E o que veio à tona com Infinite Granite foi o apreço completo dos Deafheaven por shoegaze, que se antes já se evidenciava na discografia, torna-se agora flagrantemente óbvio. Predominantemente destituído das referências black metal, salvo em alguns momentos fugidios e efémeros, segue-se uma semântica mais acariciada por tonalidades iridescentes que, por meio da sua pacificidade e perspicuidade, se desenrolam numa progressão de momentos cuidadosamente organizados de modo a contrastar intensidades e deleites concomitantemente. Tal é evidenciado mal se começam a fazer ouvir as duas primeiras faixas, “Shellstar” e “In Blur”, onde inegavelmente se fazem soar as influências de grupos como Slowdive ou Ride no novo som da banda.

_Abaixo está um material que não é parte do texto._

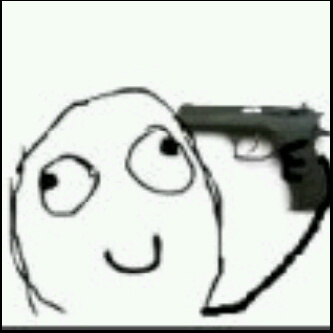 sarcasmo_vivo's profile picture. #siguemeYteSigo a dar RT no mas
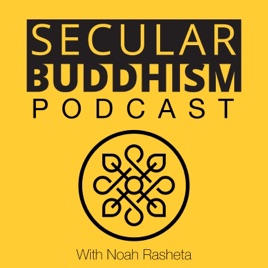 Secular Buddhism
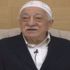 Hocaefendi'den Hizmet Gönüllüleri için önemli bir uyarı...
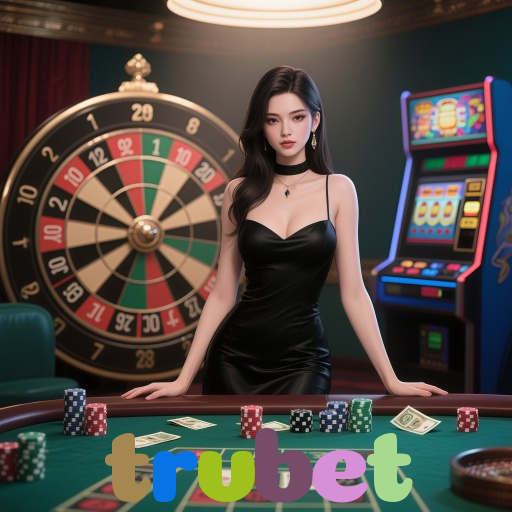  trvbet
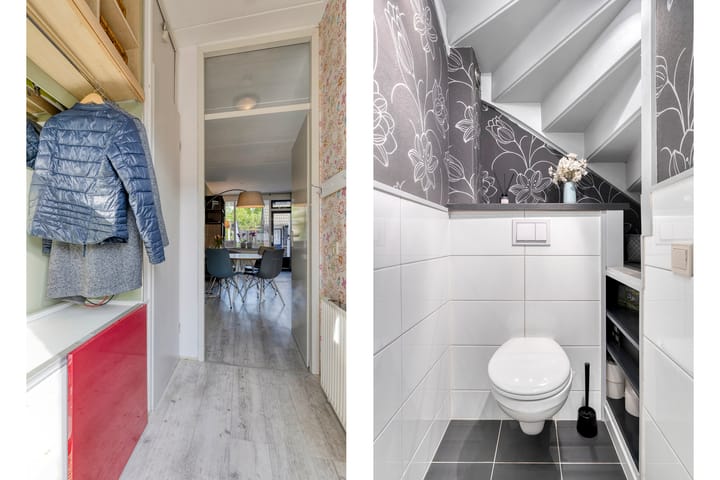 Foto 5 van Koperwiek 35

Encontrou-se uma nova cadência também, cadência esta que se fez ouvir não só nas instrumentações estivais das guitarras de Kerry McCoy e Shiv Mehra, nas saudações calorosas do baixo de Chris Johnson, ou nos arranjos obcecadamente polidos e límpidos da percussão de Daniel Tracy, mas também na recém-chegada e, por enquanto, tímida voz de George Clarke. Talvez seja precisamente nesta última que se reflete o elemento mais intrusivo e inesperado do álbum, dado o ineditismo de se ouvir Clarke a cantar, especialmente em timbres tão simpáticos e por tão longas durações. Se há algo que surge em contrapartida a esta transformação, é que se perderam pelo caminho as vocalizações infernais e estridentes de Clarke, de carácter indiscutivelmente mais único e das quais podemos ouvir apenas curtíssimas instâncias em faixas como “Great Mass of Color”, a que já nos havíamos habituado. Ainda assim, a insólita voz que aqui se testemunha serve bem o propósito a que é submetida perante os seus coadjuvantes instrumentais.
Menção especial para a última faixa, “Mombasa”, uma autêntica carta de amor a quem já há longos anos tem apreciado o trabalho do grupo, uma amostra fragmentada do que Deafheaven já foi em águas passadas, mas, acima de tudo, uma revelação do que ainda poderá vir a ser. Cessa-se esta experiência numa nota nostálgica que, mesmo para quem se demonstre desagradado com a nova identidade, promete pelo menos alguns momentos de saudade e boas memórias.